The police and soldiers were ordered to charge with bayonets. Stones were thrown and some of the men severely hurt. The police drove the people a quarter of a mile into the fields, but they were quickly back again to the scene of the action. Mr Davys, the magistrate, did not wish to shed blood by ordering the military to fire, and, it being late in the day, he directed them to turn round and proceed home.
Much praise is due to this forbearance of the authorities, as there is no doubt but much blood would have been shed. Of course there will be a greater force brought down there in some few days.
An ingenious defence was made in a case tried at Galway at the present assizes. M. Connelly was placed at the bar and arraigned, the grand jury having presented him as a vagrant. The evidence adduced against him clearly proved that he was a notorious bad character. He had no settled place of residence, was constantly brought before the magistrate at petty sessions on charges of sheep-stealing and killing sheep; he has publicly sold in markets legs of mutton at 6d each, and was committed for trial both at quarter sessions and assizes; but so ingeniously did he continue to commit these offences that evidence could not be adduced legally to convict him. That he was a public nuisance was proved by four gentlemen, two of whom were magistrates, namely, J.B. Kernan, R.M., and – Jopdell Esq., before whom the prisoner had been frequently brought, and upon the corpulent appearance of the second named gentleman the prisoner made part of his defence.
The case for the prosecution having closed, and the prisoner being called on for his defence, made a few observations in Irish, which Mr. W. Bourke stated he would, for the information of the court, translate, the statement of the prisoner being both ingenious and poetic. Baron Lefroy expressed his thanks to Mr Bourke.
Mr Bourke said, “my lord, the prisoner submits that all the evidence given on the part of the prosecution must be construed in his favour, and that the fact of his being so often tried, and on no occasion convicted, clearly shows he must be an honest man -(laughter).
For the same reason, my lord, as the prisoner states, that the more frequently gold is molten in the furnace and tried for its genuine character the purer it becomes” (loud and continued laughter, in which Baron Lefroy heartily joined).
“He further submits, my lord, that his case is analagous to that of Jonas in the whale’s belly (laughter).
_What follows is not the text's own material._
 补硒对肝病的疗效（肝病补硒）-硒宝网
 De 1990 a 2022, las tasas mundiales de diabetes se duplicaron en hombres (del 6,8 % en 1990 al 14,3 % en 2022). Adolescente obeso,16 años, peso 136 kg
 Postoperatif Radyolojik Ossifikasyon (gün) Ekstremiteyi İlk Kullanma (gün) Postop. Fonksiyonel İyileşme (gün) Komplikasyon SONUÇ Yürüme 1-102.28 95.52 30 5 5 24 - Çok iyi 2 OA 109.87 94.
When Jonas escaped from the belly of the whale he went forth an untainted character. The prisoner insists he should be considered a Jonas as he escaped from the clutches of Mr. Lopdell, who is very like a whale, and who sought to devour him” (loud laughter).
He further, my lord, insists that the fact of his having meat frequently in his possession, and having gone about the country selling legs of mutton, demonstratively proves his innocence, for that it is merely evidence to show he is a man of industrious habits prosecuting his trade as a butches (loud laughter).
He submits, my lord, to go into the dock and stand his trial for sheep stealing or any other offence that may be brought against him; but he denies the existence of a power in the jury to find him guilty as a vagrant, the whole weight of the evidence, in his opinion, going to prove that he is an honest man (loud laughter).
Under these circumstances the prisoner, whose statement I have literally translated, submits he is entitled to an acquittal.”
Baron Lefroy, who was greatly amused during Mr. Bourke’s delivery of the translation of the prisoner’s statement, said it was a defence very proper for a jury to deal with, which the gentlemen in the box did, by finding the prisoner “guilty”. He was sentenced to the usual penalty in such cases, namely, to find security within three months for his future good behaviour, or in default thereof to be transported for seven years.